# PC erkennt AVR nicht mehr



## skata-lite (13. Juli 2016)

hallo ihr!

ich hab mal wieder ein problem, welches ich mir nicht erklären kann...

es geht um folgendes.
ich habe einen neuen tv gekauft und jetzt erkennt mein pc meinen receiver nicht mehr. normal hatte ich bei der audioausgabe immer den denon mit in der auswahl. jetzt ist die auswahl verschwunden. ich habe auch keine 2 monitore mehr zur auswahl, wenn ich das bild vom pc auf den tv schieben möchte. mit dem alten tv ging das alles problemlos. pc und receiver via hdmi-kabel gekoppelt und sofort wurde alles erkannt. jetzt tut sich leider nichts mehr. ich nutze das gleiche hdmi-kabel ( ein anderes habe ich auch schon probiert), den gleichen eingang im receiver und ausgang beim pc.
im netzwerk wird der tv allerdings bei geräte unter win10 erkannt.

ich verzweifle langsam. ich hoffe, ich hab mich einigermassen klar und verständlich ausgedrückt.

meine komponenten:

der pc hat eine Asus GeForce GTX 970 STRIX grafikkarte und ein Asus Z170-P Intel Z170 Motherboard. das betriebssystem ist windows 10 64bit.

der receiver ist, wie oben erwähnt der Denon AVR-X1100W.

mein neuer TV ist der LG 65UH8509.

der alte tv ist der Panasonic TX-P50V20E.

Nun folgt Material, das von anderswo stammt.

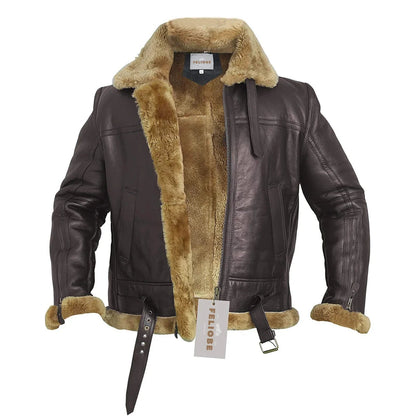 Velina Moda | B3 - Pilot jacket made of reversed lamb for luxury and warmth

ich hoffe, ihr könnt mir helfen.

vielen dank schonmal.
sollten noch fragen offen sein, immer raus damit.

lg,

sascha

p.s.: sollte dies das falsche unterforum sein, bitte verschieben.


----------



## DOcean (13. Juli 2016)

Funktioniert das Ganze ohne AVR dazwischen?


----------



## skata-lite (13. Juli 2016)

das habe ich noch nicht ausprobiert, da  der ton ja auch über mein 5.1-system kommen soll.


----------



## lurker3d (13. Juli 2016)

moin skata
ich hatte mal das selbe Problem,bei mir wars das HDMI kabel (0815).obwohl ich es mit PS3 und BD-Player getestet hatte und funtionierte lief es nicht über den PC
1 Probier mal  beim TV ARC und CEC funtionen ausmachen
2 erst TV an dann AVR
3 ein anderes HDMI kabel (besser geschirmt)
4 den AVR mal testen anderen zuspielern bei selben kabel
 wie gesagt bei mir wars das Kabel  bei ähnlicher Hardware GTX 970 stirx-Win 10 BIt-Sony 55X8507-Marantz SR AV 7005


----------



## skata-lite (13. Juli 2016)

danke für die lösungsvorschläge. das kabel hat vorher funktioniert, ein anderes kabel habe ich auch schon probiert. aber ich werde trotzdem nochmal alles durchgehen, wenn ich zuhause bin. 
ich finde leider nur nicht den menüpunkt beim tv, wo ich arc und cec ausstellen kann. das wollte ich gestern abend schon versuchen, hab aber nichts gefunden ;(


----------



## DOcean (13. Juli 2016)

skata-lite schrieb:


> das habe ich noch nicht ausprobiert, da  der ton ja auch über mein 5.1-system kommen soll.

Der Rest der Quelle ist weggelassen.